IHU On-Line - Quem foram os missionários enviados ao Japão e de que modo se integraram com a igreja e a sociedade?

Antoni Üçerler - Os missionários do Japão provinham de diversos países europeus, sendo vários deles italianos, portugueses ou espanhóis. Quando Valignano adotou a abordagem “top-down” (De cima para baixo), ele decidiu trabalhar primeiro e primordialmente com as elites do Japão, a classe dos lordes de guerra e dos samurais, na esperança de que, se eles se convertessem, eles fossem capazes de conduzir seus súditos ao cristianismo. Também foi por essa razão que ele estabeleceu três escolas para treinamento da juventude japonesa e, em 1580, um Colégio de nível superior para formar jesuítas europeus e japoneses em filosofia e teologia.
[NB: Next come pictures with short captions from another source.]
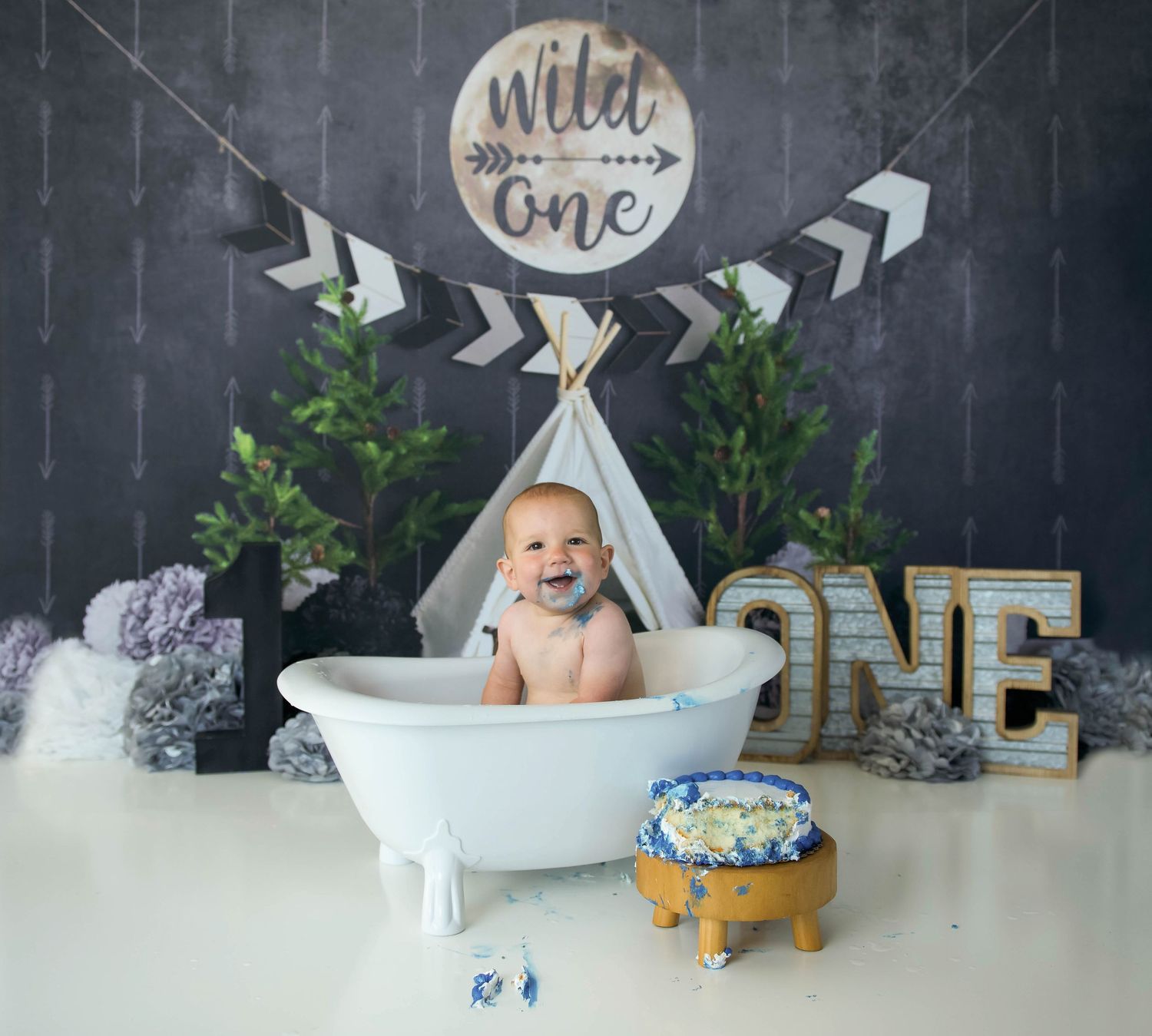 smiling one year old boy with icing on face in a bath tub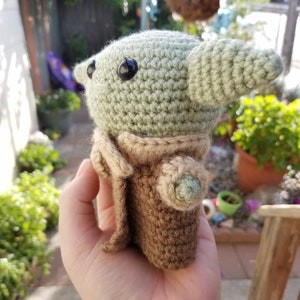 May include: A crocheted green and brown plush toy resembling a character from the Star Wars franchise. The toy has large black eyes and a pointed ear.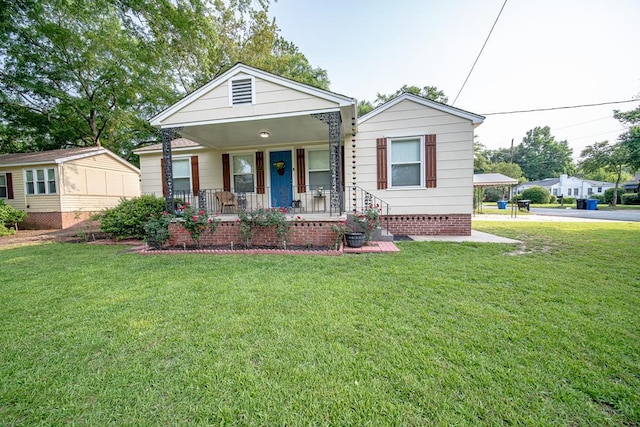 1729 41st St, Columbus, GA 31904 - view of front of property with a porch and a front yard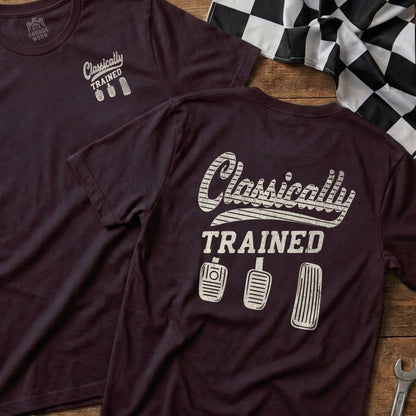 Burgundy t-shirt with "Classically TRAINED" and three pedals graphic.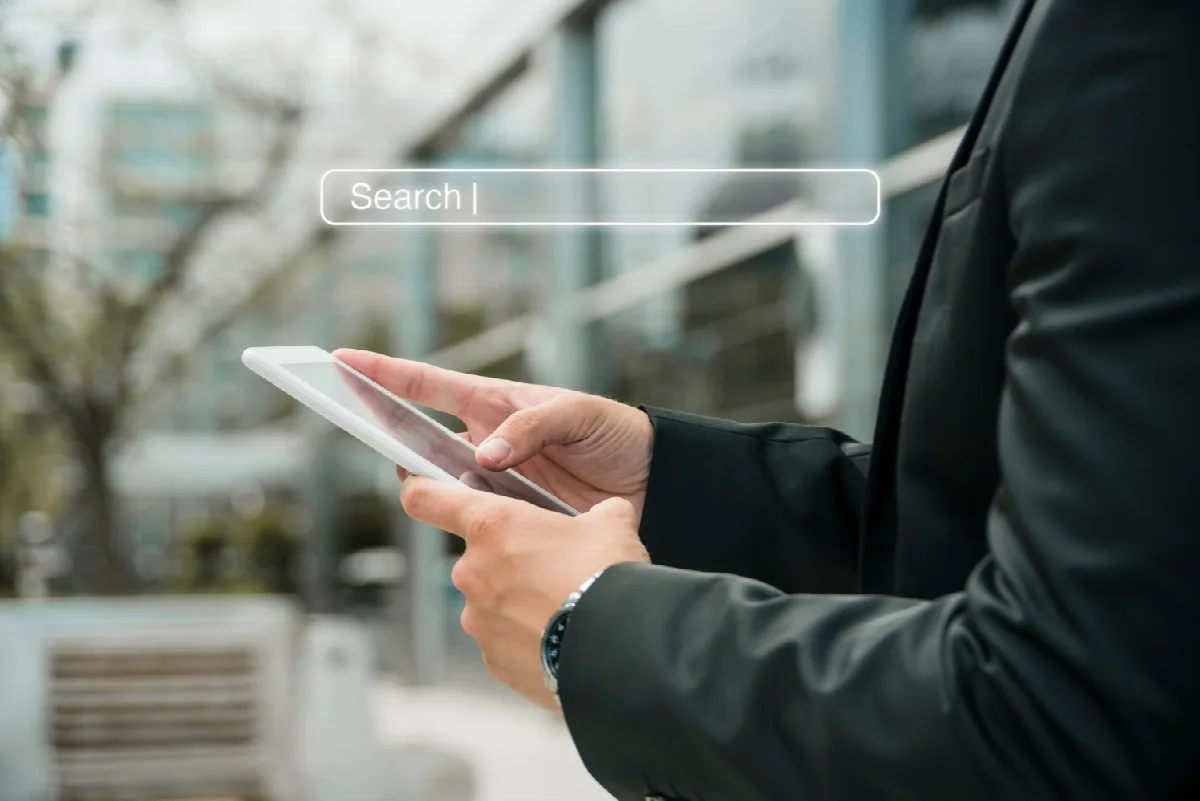 Eine Person im Anzug bedient draußen ein weißes Smartphone; darüber ist eine leuchtende Suchleiste mit dem Wort „Search |“ eingeblendet.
Sem se opor a este fato, diversos outros jesuítas trabalharam com cristãos japoneses comuns em áreas remotas de Kyushu, onde treinavam líderes comunitários para se tornarem catequistas que os auxiliassem em sua obra apostólica.

IHU On-Line - Quais foram as principais dificuldades enfrentadas pelos jesuítas nesse encontro de culturas que teve lugar no Oriente?

Antoni Üçerler - Algumas das principais dificuldades foram as imensas barreiras levantadas pelas línguas japonesa e chinesa, bem como o duro empenho e tempo necessário para entender as culturas do Leste, incluindo as nada familiares tradições do budismo, taoísmo e xintoísmo. De um ponto de vista político, no Japão havia a dificuldade por mim mencionada da guerra civil, enquanto na China existia a dificuldade para os estrangeiros de obterem permissão de entrar e permanecer no país. Os missionários também enfrentaram a hostilidade dos lordes de guerra locais (no Japão), dos hostis mandarins (na China) e dos monges budistas (tanto no Japão como na China).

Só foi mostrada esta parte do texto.